» **Assigned task**
Only some lines are wanted. Transcribe, exactly, the lines below from the line with "Epi Monogram Cap thumbnail 5" up to and including the line with "The Calhouns: Lilah and Suzanna".

» **Material shown**
■ ■ ■ ■ ■ ■ ■

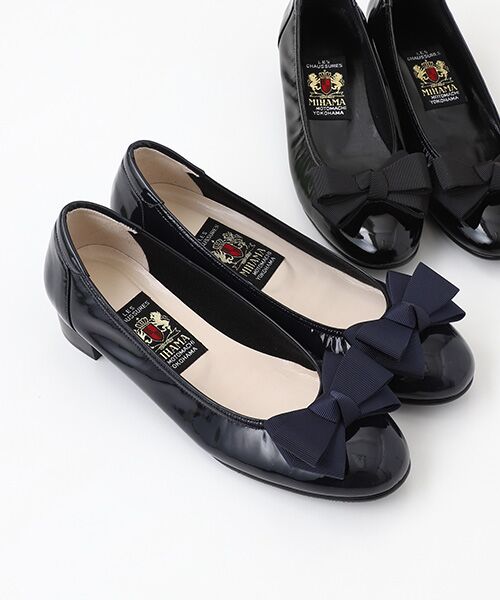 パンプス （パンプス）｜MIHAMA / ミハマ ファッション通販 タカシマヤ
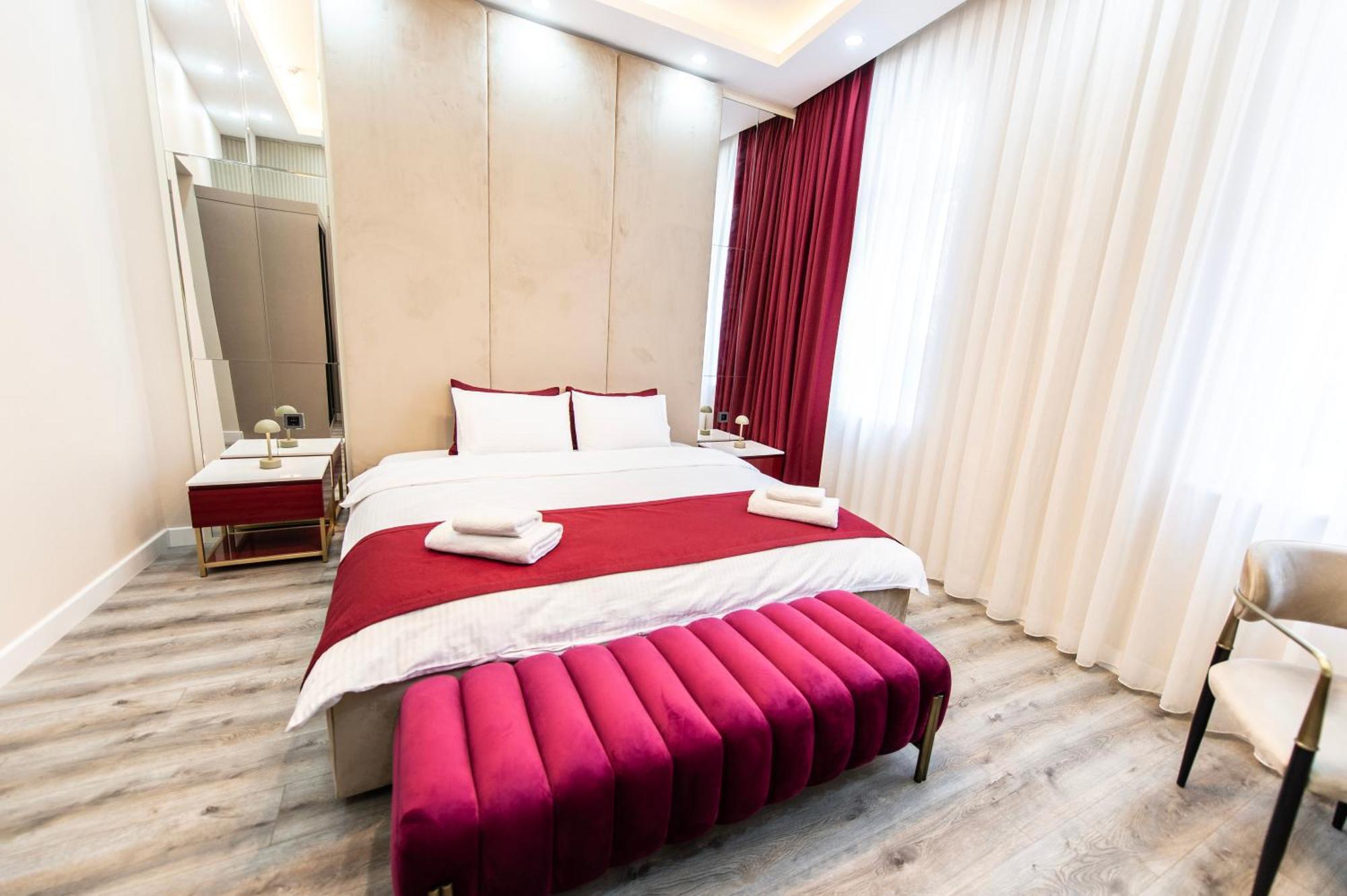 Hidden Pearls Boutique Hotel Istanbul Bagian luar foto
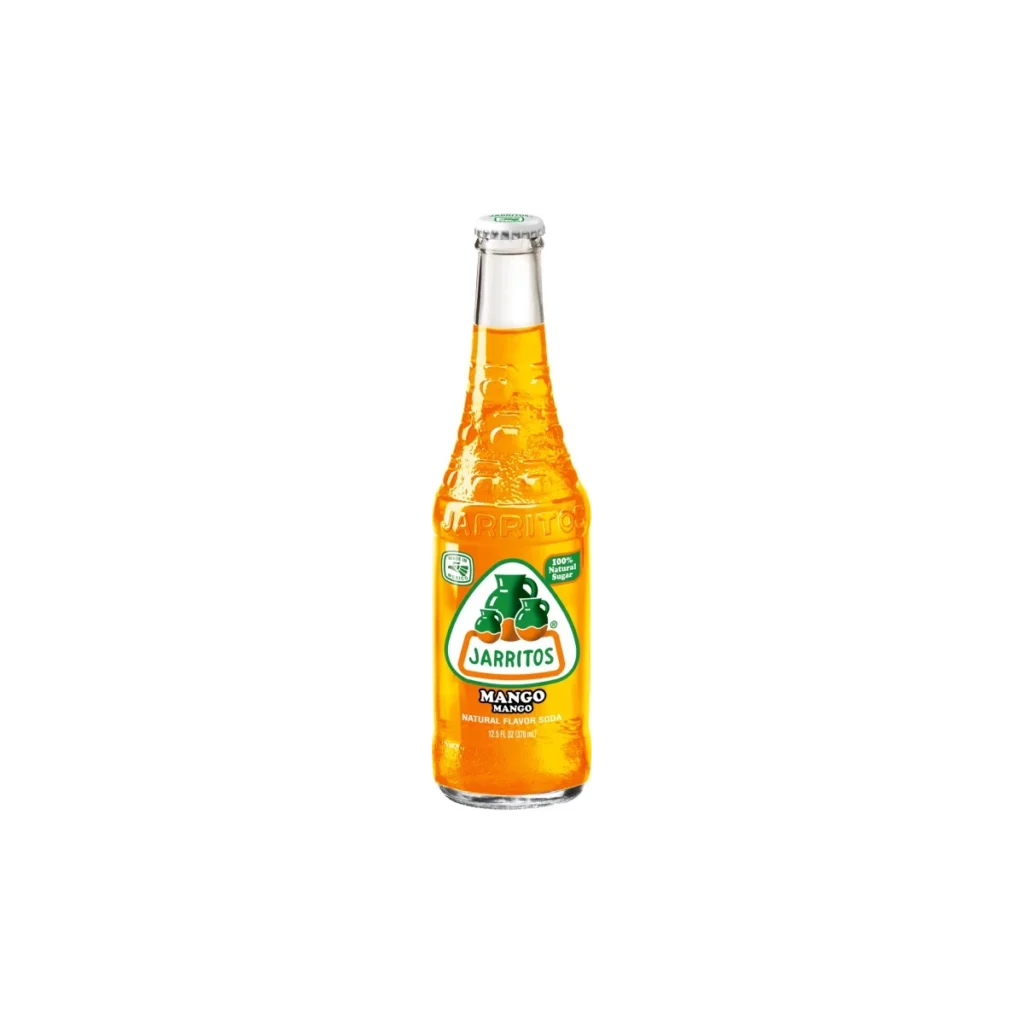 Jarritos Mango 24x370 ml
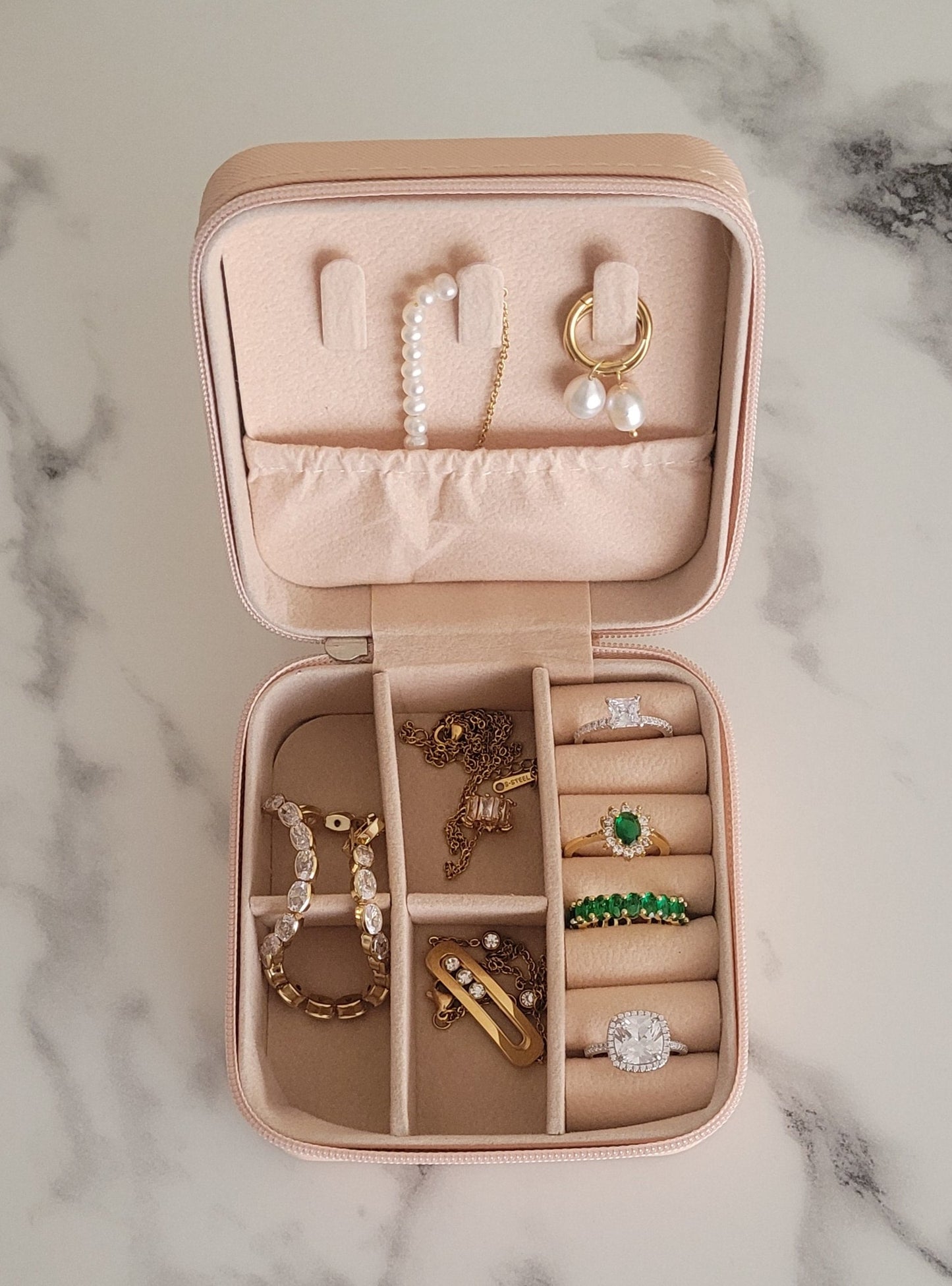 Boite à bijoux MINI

■ ■ ■ ■ ■ ■ ■

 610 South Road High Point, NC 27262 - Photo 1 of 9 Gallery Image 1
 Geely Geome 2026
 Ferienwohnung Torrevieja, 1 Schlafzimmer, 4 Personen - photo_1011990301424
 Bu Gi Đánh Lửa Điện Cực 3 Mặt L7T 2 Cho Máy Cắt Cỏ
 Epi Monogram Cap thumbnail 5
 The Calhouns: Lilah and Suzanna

■ ■ ■ ■ ■ ■ ■

» **Response to this task**
 Epi Monogram Cap thumbnail 5
 The Calhouns: Lilah and Suzanna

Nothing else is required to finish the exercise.